I've been noticing a lot of confusion in the videogame community about what kickstarter is. People talk about it as a new way to fund games. It's not. It's a new way to bring a very old marketing trick into play when selling games.
For those that don't know, kickstarter is a website where artists can propose projects and ask for funding to help make them a reality. Lately, it's become big in the video game industry as a way to get good sized funding for a game. Take the current Homestuck adventure game kickstarter campaign. It's one of the big successes in the history of kickstarter -- 1.2 million funded at this time and still 20 days left to go in the campaign. So hooray, weird niche indie game finds funding!
But it hasn't really found funding. Almost everyone who is contributing "funding" is actually purchasing a copy of the game: everyone who contributes at the lowest level,15 bucks,gets a copy. Higher levels get a copy plus some gewgaw, like a t-shirt or themed deck of cards or whatever. Kickstarter isn't funding the game, it's taking pre-orders.

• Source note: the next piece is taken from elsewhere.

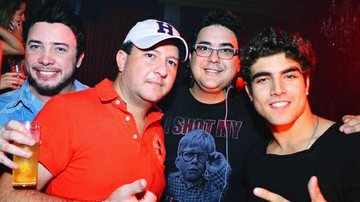 Caio com o promoter Gustavo Godoy, o empresário Gustavo Murad e André Marques - Marcus Ronchi / Divulgação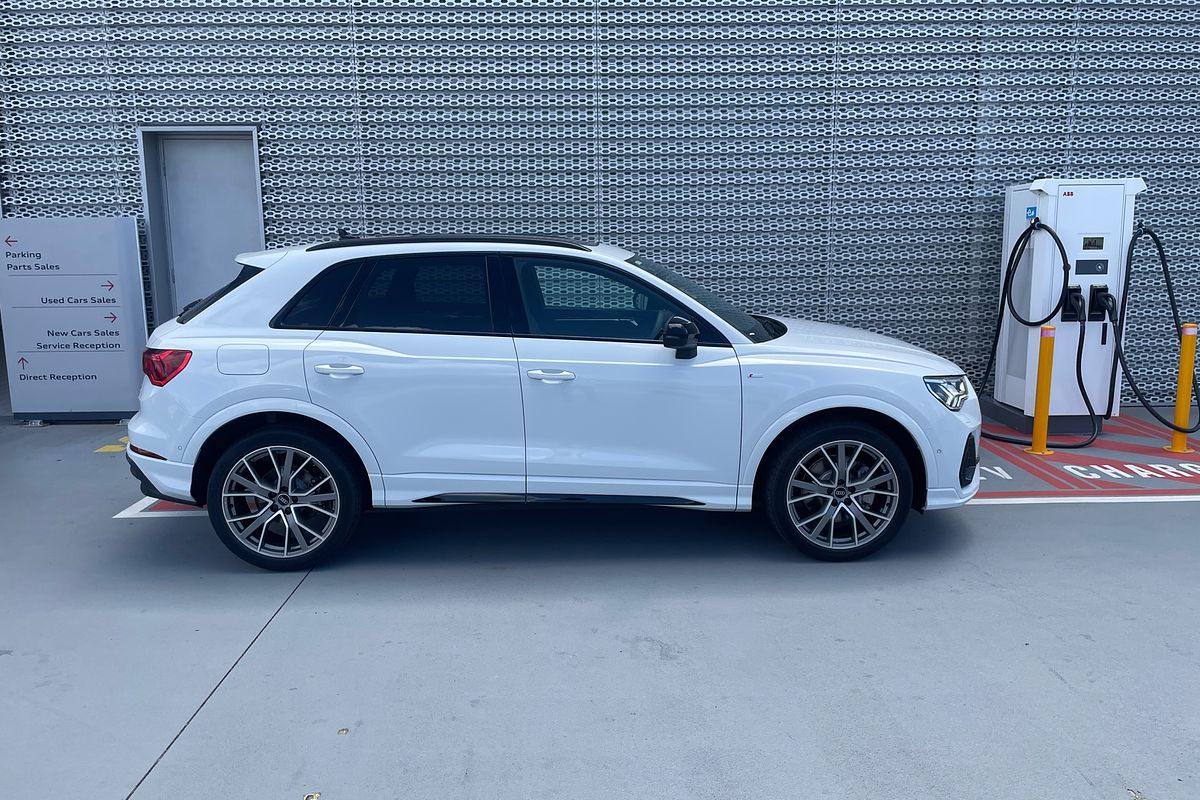 2024 Audi Q3 40 TFSI S Line F3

So 12,100 backers times 15 dollars equals... $181,5000. So how has the game raised over a million dollars? Price discrimination. Price discrimination is the simple idea that even if you make the most money selling widgets for five dollars, you still have rich customers who love widgets and would buy them for six bucks, and there are still poor people out there who would buy your widgets at a still-profitable four dollars. So to capture all those rich people at the higher price level you add some bells and whistles that cost you next to nothing, and sell a DELUXE edition for six dollars. Then you chop off some features, even though it hardly saves you a thing in the costs department, and sell the BASIC version to the poor folks. In the video game industry this has traditionally been done by selling deluxe editions to rich people at launch and by selling gradually cheaper versions of the game as time goes by after launch to capture the poor dude's dollar.
Kickstarter is doing price discrimination in a new way. Even though any of the contributors could get the game for 15 dollars, they get some cheap trinkets if they pay more. More importantly, they get to feel like they are helping in the grand cause of getting this thing they want made. So, for example, a dude contributed 10,000 dollars to the Homestuck kickstarter campaign. What's weird is that video game players are fine with and celebrate kickstarter, but other forms of price discrimination -- blocking out content already in a video game unless customers pay more, for example -- infuriates them. Tell a gamer that if he pays more he will get a trinket and it will go towards the publisher making better product and he gets super excited. Make the exact same proposal but hide the basic nature of the transaction by telling him he's buying downloadable content and he gets furious. Robin Hanson might get excited here about the importance of signaling honesty.